La croissance rapide exigea de l’argent que l’inventeur n’avait toujours pas. En mille neuf cent dix-sept, avec la participation de la Société de banque suisse, l’usine fut transformée en société anonyme. Maag conserva une participation et la direction, mais après la Première Guerre mondiale les commandes diminuèrent, et l’entreprise ne se maintint que grâce à des crédits bancaires. En mille neuf cent vingt, Georg A. Fischer fut nommé directeur commercial ; il devait sauver l’entreprise. À Maag, on laissa surtout une influence sur la technique.
Il continua à inventer des rectifieuses, des pompes à engrenages et des instruments de mesure. Mais lorsque la crise s’aggrava et que les acheteurs de licences commencèrent à annuler leurs commandes de machines-outils, sa liberté d’inventeur dépendait déjà des personnes qui payaient les dettes. En mille neuf cent vingt-six, Maag quitta l’entreprise qui portait son nom. Fischer et Albert E. Bruppacher obtinrent la majorité des actions et poursuivirent la production ; peu après, l’entreprise ouvrit des établissements en Italie et en France. Maag lui-même se consacra à de nouveaux instruments de mesure et à des orgues, puis fonda plus tard une autre entreprise, « Micro-Maag ».
Les premiers bâtiments dans lesquels il s’était installé n’ont pas été conservés. Devant nous se trouvent des parties plus tardives de l’usine agrandie : le bâtiment des ateliers et de l’expédition, l’atelier de trempe et la halle de montage attenante. Après le départ de la production industrielle à la fin des années quatre-vingt-dix, ils furent investis par des organisateurs d’expositions, de spectacles, de concerts et de soirées de club. Les grandes travées industrielles permettaient d’y installer une scène, une salle pour le public et des structures temporaires ; depuis mille neuf cent deux, le lieu indépendant « Maag » y est actif.

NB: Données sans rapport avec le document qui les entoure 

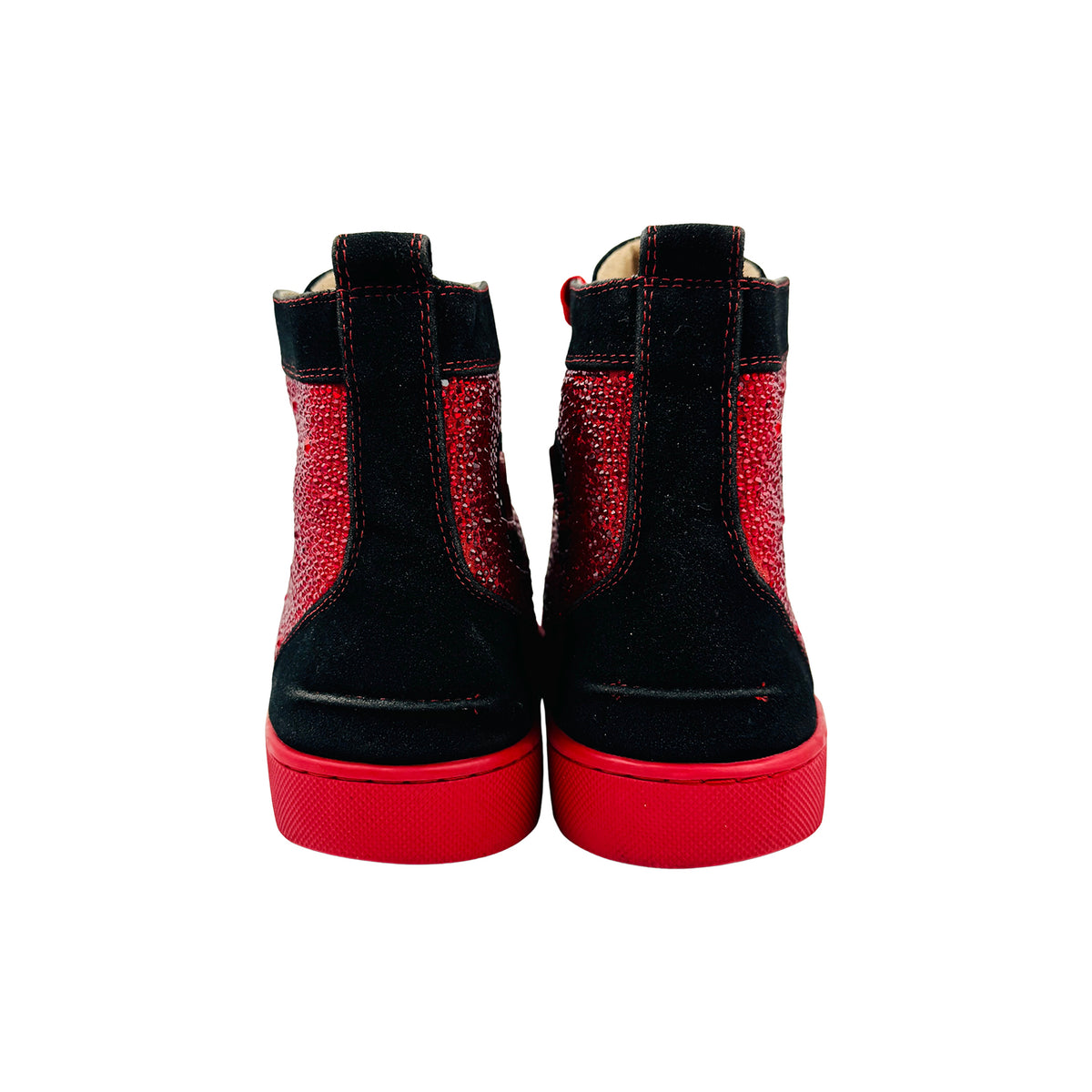 Christian Louboutin Louis Strass High Top Sneakers (Size 42)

Sur Zahnradstrasse — la rue de la roue dentée — subsistent l’atelier de trempe, la halle de montage et le nom de famille de l’ingénieur. Maag lui-même fut écarté de son usine il y a presque un siècle ; le nom a résisté à son départ comme à la disparition des machines-outils.
Sur place
L’accès aux salles dépend du programme de Maag ; l’observation extérieure et les passages alentour changent selon les événements et les travaux.
Vérifié : 26 juin 2026. Vérifiez la source officielle avant votre visite.Découvrez le complexe depuis les passages accessibles au public : une partie des bâtiments est utilisée pour le travail et les événements et n’est pas destinée à une visite libre.